_Instructions for the task_: When you reach the line holding "JBL Quantum 100M2" in the material below, return that line and each one after it, word for word, with the pictures dropped.

Dataset content below:

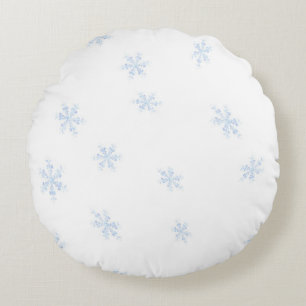 Snowflakes Round Cushion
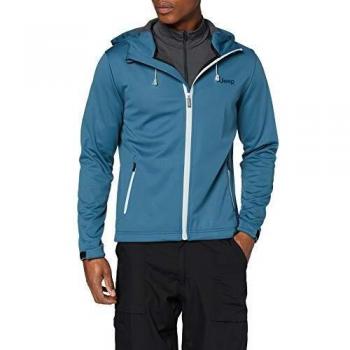 Jeep Softshell triple capa con capucha y forro polar interior J9W, Hombre, Chaqueta, O101584-K137-XXL, Blustone, XX-Large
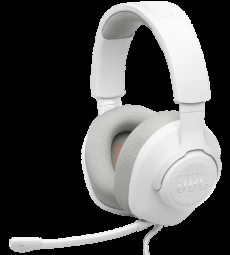 JBL Quantum 100M2 baltos ausinės su mikrofonu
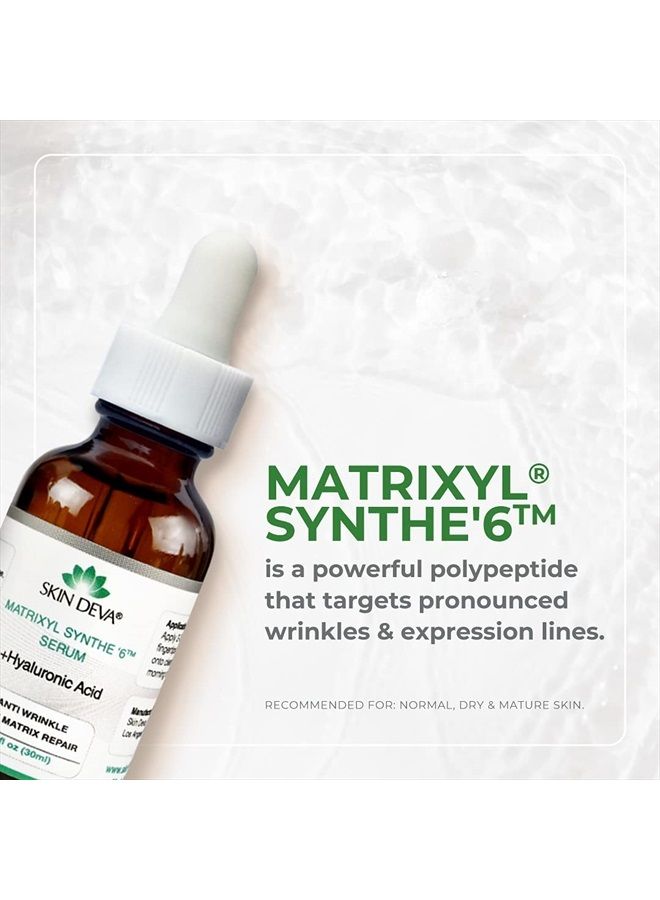 SKIN DEVA Matrixyl Synthe 6 Hyaluronic Acid Serum Anti Aging Serum Facial Serum Shrinks Pores and Contains Hyaluronic Acid Serum For Face To Keep Skin Hydrated - Image 4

End of Dataset content.

_Reply to the exercise_:
 JBL Quantum 100M2 baltos ausinės su mikrofonu
 SKIN DEVA Matrixyl Synthe 6 Hyaluronic Acid Serum Anti Aging Serum Facial Serum Shrinks Pores and Contains Hyaluronic Acid Serum For Face To Keep Skin Hydrated - Image 4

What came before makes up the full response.